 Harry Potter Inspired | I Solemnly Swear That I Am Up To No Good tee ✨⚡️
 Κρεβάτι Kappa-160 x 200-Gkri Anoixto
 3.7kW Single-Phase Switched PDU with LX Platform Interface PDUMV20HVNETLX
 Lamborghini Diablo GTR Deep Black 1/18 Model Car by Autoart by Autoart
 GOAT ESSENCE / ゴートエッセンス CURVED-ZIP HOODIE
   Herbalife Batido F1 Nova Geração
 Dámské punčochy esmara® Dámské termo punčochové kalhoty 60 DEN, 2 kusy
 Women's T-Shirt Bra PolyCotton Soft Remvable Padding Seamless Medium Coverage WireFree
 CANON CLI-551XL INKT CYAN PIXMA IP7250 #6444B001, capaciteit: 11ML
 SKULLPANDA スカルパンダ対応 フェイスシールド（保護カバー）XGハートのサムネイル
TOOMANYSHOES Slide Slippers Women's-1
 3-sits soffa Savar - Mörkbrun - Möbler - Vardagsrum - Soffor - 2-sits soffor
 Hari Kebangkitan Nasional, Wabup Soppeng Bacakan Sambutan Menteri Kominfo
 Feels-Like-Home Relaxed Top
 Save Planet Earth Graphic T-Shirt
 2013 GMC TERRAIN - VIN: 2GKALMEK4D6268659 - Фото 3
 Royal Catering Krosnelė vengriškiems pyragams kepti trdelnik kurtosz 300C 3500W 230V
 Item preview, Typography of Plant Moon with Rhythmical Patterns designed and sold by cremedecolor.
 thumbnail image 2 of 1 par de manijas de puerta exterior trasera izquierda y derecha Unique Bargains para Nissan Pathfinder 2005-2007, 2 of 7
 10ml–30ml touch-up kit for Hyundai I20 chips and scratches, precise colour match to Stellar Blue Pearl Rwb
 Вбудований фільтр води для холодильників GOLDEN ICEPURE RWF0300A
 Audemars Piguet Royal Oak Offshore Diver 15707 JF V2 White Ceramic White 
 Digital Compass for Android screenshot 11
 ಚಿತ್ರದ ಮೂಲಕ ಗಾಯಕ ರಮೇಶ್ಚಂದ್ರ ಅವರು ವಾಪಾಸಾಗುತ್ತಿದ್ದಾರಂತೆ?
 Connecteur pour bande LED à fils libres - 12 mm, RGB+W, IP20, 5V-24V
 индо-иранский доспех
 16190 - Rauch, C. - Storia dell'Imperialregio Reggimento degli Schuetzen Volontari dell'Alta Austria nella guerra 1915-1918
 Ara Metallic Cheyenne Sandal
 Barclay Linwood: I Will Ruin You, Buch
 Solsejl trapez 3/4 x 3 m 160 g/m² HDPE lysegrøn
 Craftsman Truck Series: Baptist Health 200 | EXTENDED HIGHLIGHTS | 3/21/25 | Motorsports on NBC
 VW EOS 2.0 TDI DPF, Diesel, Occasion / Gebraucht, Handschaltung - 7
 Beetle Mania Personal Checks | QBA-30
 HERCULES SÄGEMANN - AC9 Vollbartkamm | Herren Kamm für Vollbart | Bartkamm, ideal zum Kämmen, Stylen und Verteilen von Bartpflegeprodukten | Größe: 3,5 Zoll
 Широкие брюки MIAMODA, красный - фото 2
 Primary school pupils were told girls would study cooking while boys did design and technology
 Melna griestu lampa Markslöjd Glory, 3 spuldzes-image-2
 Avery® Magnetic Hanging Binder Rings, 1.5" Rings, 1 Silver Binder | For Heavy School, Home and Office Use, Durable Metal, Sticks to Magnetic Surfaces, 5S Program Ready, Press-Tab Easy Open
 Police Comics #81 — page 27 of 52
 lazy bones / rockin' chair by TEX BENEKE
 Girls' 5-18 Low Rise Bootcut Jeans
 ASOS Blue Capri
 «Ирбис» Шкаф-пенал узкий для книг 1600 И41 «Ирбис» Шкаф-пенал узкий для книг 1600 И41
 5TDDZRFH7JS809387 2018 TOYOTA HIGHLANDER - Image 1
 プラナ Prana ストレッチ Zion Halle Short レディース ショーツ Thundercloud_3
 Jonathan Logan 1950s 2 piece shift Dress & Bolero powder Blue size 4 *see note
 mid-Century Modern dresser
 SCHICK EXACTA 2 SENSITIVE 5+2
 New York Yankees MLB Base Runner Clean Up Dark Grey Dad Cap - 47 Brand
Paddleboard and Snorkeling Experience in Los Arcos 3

=======

Description of the task: Could you retype exactly the lines above, starting at the line that contains "CANON CLI-551XL INKT" and ending at the line that contains "Item preview, Typography", and nothing more?

Exercise response:
 CANON CLI-551XL INKT CYAN PIXMA IP7250 #6444B001, capaciteit: 11ML
 SKULLPANDA スカルパンダ対応 フェイスシールド（保護カバー）XGハートのサムネイル
TOOMANYSHOES Slide Slippers Women's-1
 3-sits soffa Savar - Mörkbrun - Möbler - Vardagsrum - Soffor - 2-sits soffor
 Hari Kebangkitan Nasional, Wabup Soppeng Bacakan Sambutan Menteri Kominfo
 Feels-Like-Home Relaxed Top
 Save Planet Earth Graphic T-Shirt
 2013 GMC TERRAIN - VIN: 2GKALMEK4D6268659 - Фото 3
 Royal Catering Krosnelė vengriškiems pyragams kepti trdelnik kurtosz 300C 3500W 230V
 Item preview, Typography of Plant Moon with Rhythmical Patterns designed and sold by cremedecolor.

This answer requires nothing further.